The new, higher fees are brewing concerns that low- and middle-income Oregonians won’t be able to come up with the money to sue over car accidents, botched surgeries, wrongful death, discrimination, unpaid wages and a host of other troubles because the cost is just too great.
Kateri Walsh, a spokeswoman for the Oregon State Bar, said she’s hearing from attorneys who are worried about keeping “the doors of the justice system open to everyone.”
The steepest fee increases are to cases that seek hundreds of thousands of dollars with long lists of plaintiffs or defendants, such as those filed by condo owners who accuse builders and subcontractors of shoddy construction. A condo construction suit filed last week in Multnomah County Circuit Court listed more than 30 plaintiffs and defendants. It cost $189 to file, but starting Thursday, an identical suit would cost more than $13,000.
In turn, each one of the defendants listed would have to pay several hundred dollars more to respond to the lawsuit.
Lawsuits that list only one plaintiff and one defendant and seek less than $10,000 — such as a person slips and falls at a store or a fender bender between two drivers — saw only a tiny bump to the filing fee, from $128 before today to $137. What’s more, the poorest plaintiffs, such as those who qualify for food stamps, are eligible to have their filing fees waived.

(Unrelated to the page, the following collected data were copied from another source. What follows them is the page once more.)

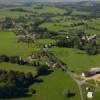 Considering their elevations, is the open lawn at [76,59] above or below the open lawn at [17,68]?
below

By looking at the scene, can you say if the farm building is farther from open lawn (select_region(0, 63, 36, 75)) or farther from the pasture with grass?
open lawn (select_region(0, 63, 36, 75))

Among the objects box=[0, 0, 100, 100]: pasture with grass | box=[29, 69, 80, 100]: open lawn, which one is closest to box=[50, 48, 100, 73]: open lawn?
box=[0, 0, 100, 100]: pasture with grass

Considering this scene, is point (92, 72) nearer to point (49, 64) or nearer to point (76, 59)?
point (49, 64)

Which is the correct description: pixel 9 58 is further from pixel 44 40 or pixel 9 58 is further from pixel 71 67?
pixel 44 40

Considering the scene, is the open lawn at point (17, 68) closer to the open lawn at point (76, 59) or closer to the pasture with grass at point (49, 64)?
the pasture with grass at point (49, 64)

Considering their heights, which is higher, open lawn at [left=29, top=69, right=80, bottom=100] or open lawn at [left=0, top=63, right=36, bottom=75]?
open lawn at [left=0, top=63, right=36, bottom=75]

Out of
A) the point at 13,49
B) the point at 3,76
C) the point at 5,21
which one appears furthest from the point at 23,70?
the point at 5,21

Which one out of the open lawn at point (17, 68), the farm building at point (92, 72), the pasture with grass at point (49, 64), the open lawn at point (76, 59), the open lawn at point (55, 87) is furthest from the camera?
the open lawn at point (76, 59)

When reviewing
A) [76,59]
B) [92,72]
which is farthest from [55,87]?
[76,59]

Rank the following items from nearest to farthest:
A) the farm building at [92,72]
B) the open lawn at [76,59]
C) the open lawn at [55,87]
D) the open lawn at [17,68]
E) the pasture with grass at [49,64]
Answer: the open lawn at [55,87] < the pasture with grass at [49,64] < the open lawn at [17,68] < the farm building at [92,72] < the open lawn at [76,59]

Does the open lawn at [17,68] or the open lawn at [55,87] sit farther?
the open lawn at [17,68]

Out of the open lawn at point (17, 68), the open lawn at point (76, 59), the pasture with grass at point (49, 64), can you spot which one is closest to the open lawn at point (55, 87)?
the pasture with grass at point (49, 64)

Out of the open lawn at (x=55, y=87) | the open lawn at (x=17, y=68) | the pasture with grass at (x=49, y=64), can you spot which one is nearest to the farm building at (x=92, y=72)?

The Oregon Legislature passed the new fees last session to help avoid deeper cuts to the justice system. The court system also has started charging new fees or increased old ones for various courthouse services, but none as much as the costs for filing a lawsuit.
The new fees are expected to generate $40 million over the rest of the 2009-2011 biennium. And according to Phil Lemman, judicial department spokesman, they will make it possible to keep courthouses open five days a week and keep processing small claims, traffic tickets and landlord-tenant disputes at the current rate. The fees also will help pay for public defenders across the state, averting would could have resulted in a temporary freeze to criminal cases.
The new fees could be temporary. They are scheduled to sunset in June 2011, when lawmakers will reassess the budget situation and have the option of renewing the fees or letting them fall back to theold rates.
Lemman said the new fees still don’t cover the true costs of seeing a lawsuit to trial, where it may consume days of judge and staff time. But he said the state hasn’t intended to cover those costs, instead believing that the state’s courts are an essential service that should be funded with taxpayer dollars. The grim budget situation, however, has forced the state to boost fees, Lemman said.
Courthouse employees in Clackamas, Multnomah and Washington counties said few were surprised by the higher prices for filing lawsuits Thursday, thanks to an exerted effort to get the word out in recent days.
Clackamas County reported what may have been a record Wednesday — with attorneys filing 25 suits listing multiple parties in the last 90 minutes of the day, possibly saving many thousands of dollars each as they squeaked in before the deadline.